For centuries the Scottish Borders have produced Tweeds - in fact the name 'Tweed' immediately conjures up a picture of the Border hills and valleys. The company is based at Forest Mill, Selkirk in the heart of the Borderland. The original building dates from 1838, and was one of the first mills in the town, built by George Roberts & Co.

The Roberts family started manufacturing in the Kilmarnock area of Scotland during the 1700’s, producing Paisley style shawls. With the advent of the Woollen trade in the Borders area during this time, they moved to Galashiels and set up to produce gents’ fabrics. As the number of mills grew, waterpower from the Gala Water was insufficient for dyeing, scouring, driving looms, card sets, spinning etc.

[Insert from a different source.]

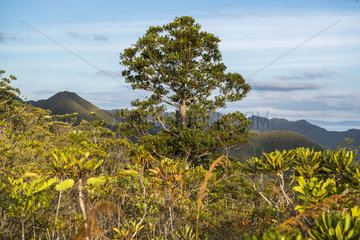 Mountain Kaori (Agathis ovata) endemic species in mining scrub  Haute Dumbea Park  New Caledonia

They decided to move to Selkirk where there was greater supply from the River Ettrick, and started weaving at Forest Mill on the site of an old “waulk” or cloth washing mill. At that time weaving in Selkirk was a cottage industry, so part of Andrew Elliot Ltd is sited on the pre-1838 date.
Roberts continued until the early 1970’s when the industry started to go into decline, and eventually ceased weaving to concentrate on spinning, at which point Andrew Elliot bought part of the old original building and commenced weaving again.

Andrew Elliot and the Company
Andrew Elliot left school at 15 years of age in 1941, and started training as a textile designer of ladies and gents woollen fabrics for home and export, with day release studies at the Scottish College of Textiles in Galashiels. He joined the Royal Navy and served from 1943 – 1947 on a small vessel, HMS Widemouth Bay, a type of small destroyer, in the Pacific.
Returning in 1947, he commenced a 3 year degree course at Galashiels. As well as obtaining the degree, he won the prize as best senior or final student and acquired 3 City & Guild 1st Medals in Design, Textile Mechanics & Machinery and Textile Raw Materials. Also during this time he taught 2 nights per week in these subjects to junior apprentices.
Following this, Andrew worked practically in design with mills in Scotland, England and Ireland, and subsequently in 1960, set up privately as a textile consultant with Scottish Harris Tweed Trade, Otterburn Mill in England (mainly export to USA, Canada and Japan), McNutt Hand Weavers of Co. Donegal, and St. Patrick & Carbury Woollen Mills in Co. Cork. He also worked with a group of Yorkshire fancy yarn spinners on Donegal yarns, loop yarns, boucle, etc. advising on colour and texture.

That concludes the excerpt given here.